Jobs was at kind of a low point in his career in 1995, despite being proud of the work being done at pNeXT. He'd lost control of Apple in a power struggle with John Scully, and saw that company, his baby, sliding into mediocrity and was on an eventual crash-and-burn glide slope. He admits in the interview that NeXT is too small and too specialized to have an impact on the future of computing. He admits that he was out-maneuvered at Apple and felt somewhat powerless to turn anything around.
Of course we now know within 18 months of this interview Steve sold NeXT to Apple in return for stock options, and then used his stock position to leverage himself back into leadership of the company. He turned Apple upside down, launching the iPod, iTunes, iMac, iPad, and everything we know Apple for today. Apple was mere weeks away from bankruptcy in 1996, and instead has become the largest market-cap company in the world.
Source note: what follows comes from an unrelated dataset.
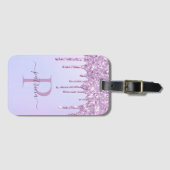 Étiquette À Bagage Glam Purple Parties scintillant Drives Élégant Mon (Devant Horizontal)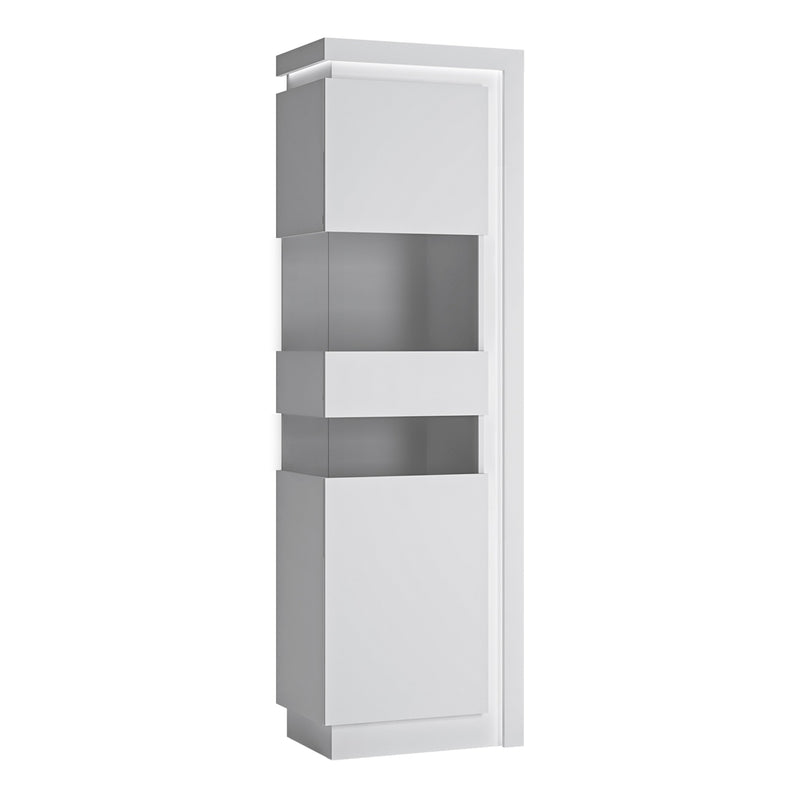 Lyon Tall Narrow display cabinet (LHD) (including LED lighting) in White and High Gloss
The interview is fascinating. Steve is almost humble, incredibly bright, and very dismissive of Apple's then-current leadership (and sadly, now again after his death). The interviewer asks him about the future of computing, which he sees as the Internet and e-commerce (I know, an easy bet by 1995). Steve discusses the "vision thing" and why Microsoft is the McDonalds of computing. He discusses why making products that change people's lives is important.
The man could be difficult but man he was brilliant.